Rising to a challenge is clearly a theme that resonates with Penn’s new leader. “It’s a delight to be here, and it’s been wonderful to get started,” she says. “July 1st was just a great day.”


Family is an important value for Gutmann. From top: two-year old Amy with her mother, Beatrice Gutmann, and smiling for the camera; with her daughter Abigail and favorite Teddy bear; and with Abigail and husband Michael Doyle.
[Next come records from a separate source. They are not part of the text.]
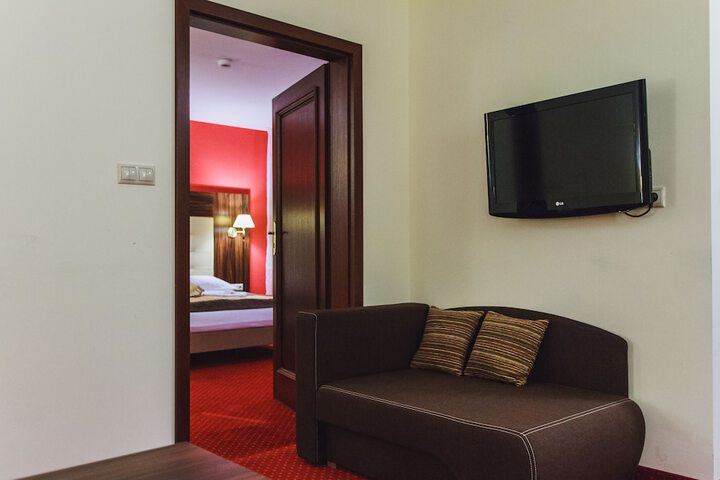 Room 19 of 31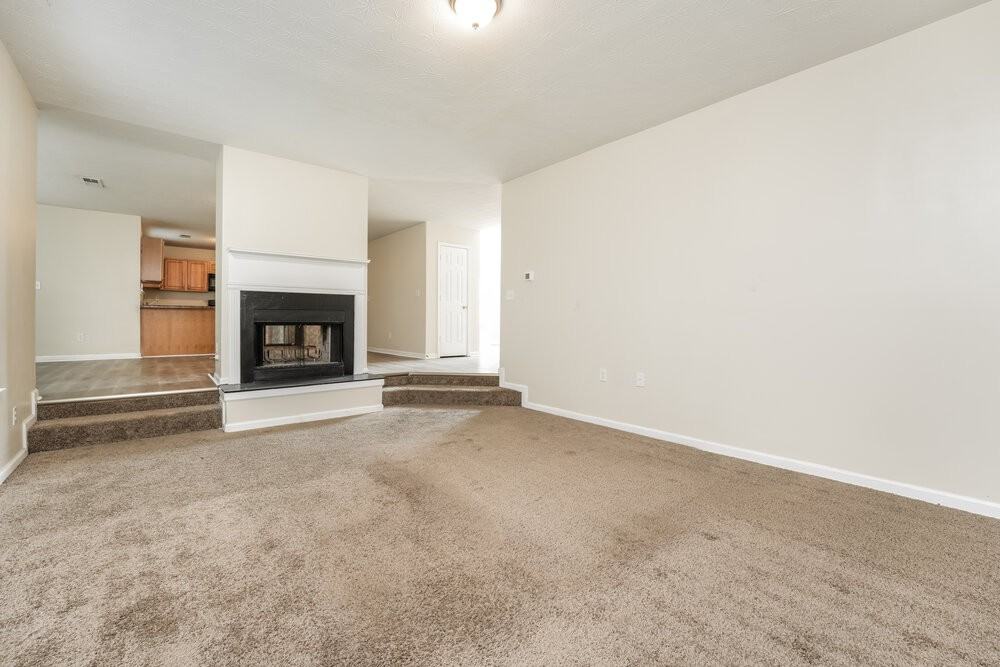 260 Greenway Dr - Photo 5 of 17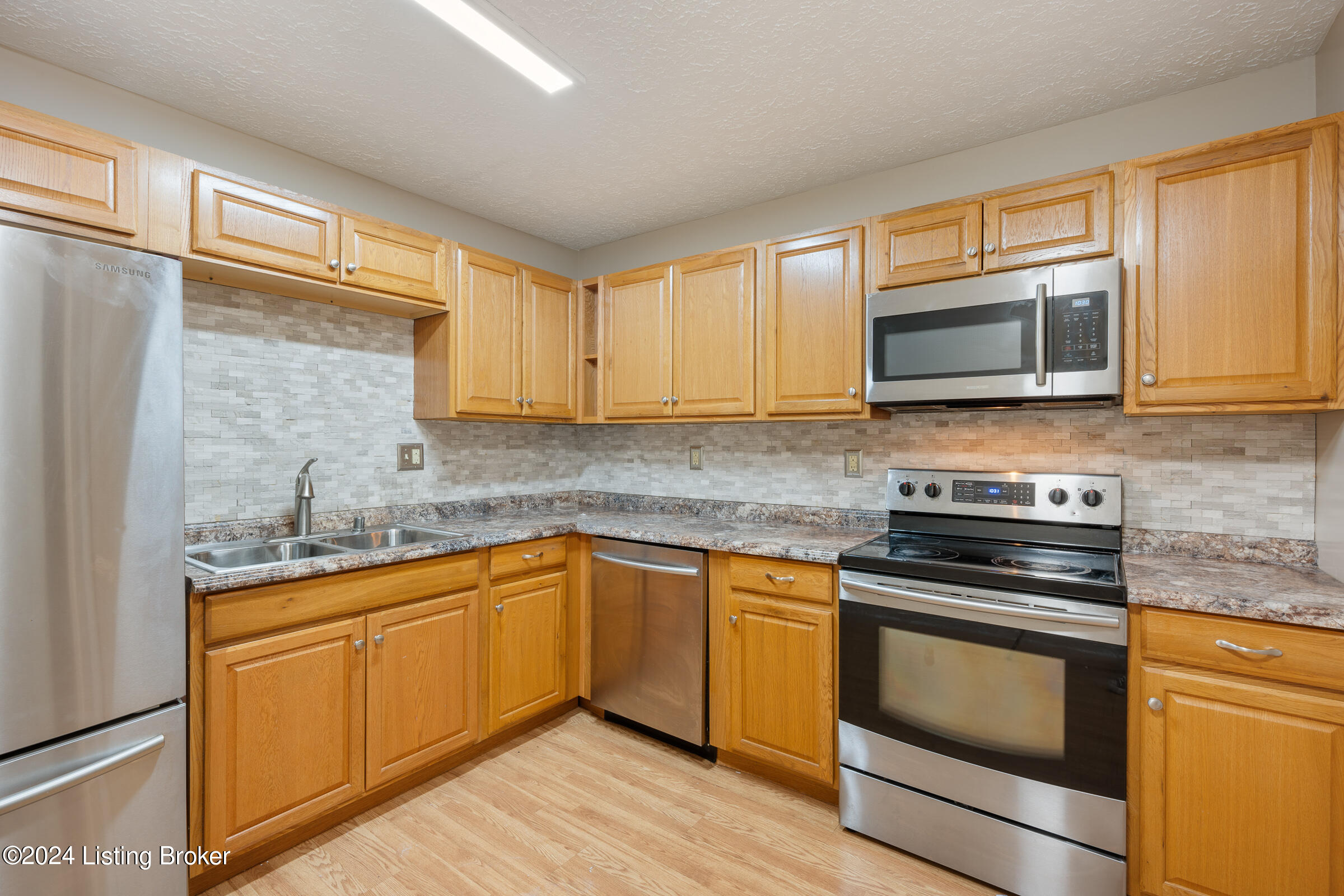2300 Dundee Road, Unit 15 Louisville, KY 40205 - Photo 6 of 24 2300 Dundee Rd unit 15-8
Amy Gutmann grew up in Monroe, New York, a small lakeside community, “very rural” at the time, which except for being about an hour north of New York City was “indistinguishable from the heartland of America,” she says. Her devotion to her parents, Kurt and Beatrice Gutmann, both now deceased, remains strong and apparent, their example a touchstone; at the press conference announcing her nomination, she concluded by saying she only wished they could be there “to know that this has happened, this wonderful opportunity in my life.” She describes them as “extraordinary people with great values” and a powerful faith in America as the land of opportunity—if not entirely for themselves then certainly for their only daughter, to whom they gave “everything a child could hope for.”

Her father was a man devoted to his work and family, who “imparted tremendous strength” to her. In 1939, he took the lead in convincing his relatives to make their escape from Hitler’s Germany, traveling first to India and then to the United States. Her mother was born in America, “a child of the Depression” who always wanted to be a teacher but had to work from the time she was young.

For as long as she can remember, Gutmann shared her mother’s ambition, only changing the level at which she wanted to teach as she moved through the educational system. “When I was in kindergarten, the only thing I remember is that I wanted to be a kindergarten teacher, and then I went to high school and wanted to be a high-school teacher. In college, I wanted to be a college teacher,” she says.

After graduating from Monroe-Woodbury High School, where she was valedictorian, she went on to Harvard-Radcliffe College, initially intending to major in mathematics but eventually gravitating to politics and philosophy. Math always came easily to her—“No one had to teach me,” she says—and she remains attracted to the discipline’s beauty and elegance. Yet she hungered for something less purely intellectual, that engaged more with the world at large.

“I think it would have been impossible for me to know I wanted to be a political philosopher when I was in kindergarten,” she says with a laugh. “Even in high school I was never introduced to a subject matter called philosophy, let alone political philosophy. It was a great challenge when I got to college [to realize] that there was a subject that combined analytical challenge with practical application to the world.”

While still an undergraduate, Gutmann was admitted to a Harvard graduate seminar on justice taught by John Rawls, whose 1971 book A Theory of Justice, which proposed the notion of “justice as fairness,” was both extraordinarily influential among political philosophers and also widely read and discussed. In an obituary she wrote for Princeton Alumni Weekly after his death in November 2002, Gutmann called Rawls “the greatest political philosopher of the 20th century,” possessed of a unique “combination of intellectual genius and moral goodness.” She also credits Michael Walzer, Robert Nozick, and Judith Shklar, scholars of widely differing views who were all then on the Harvard faculty, with helping spark her interest in political philosophy and motivating her “to teach and write about issues of social justice.”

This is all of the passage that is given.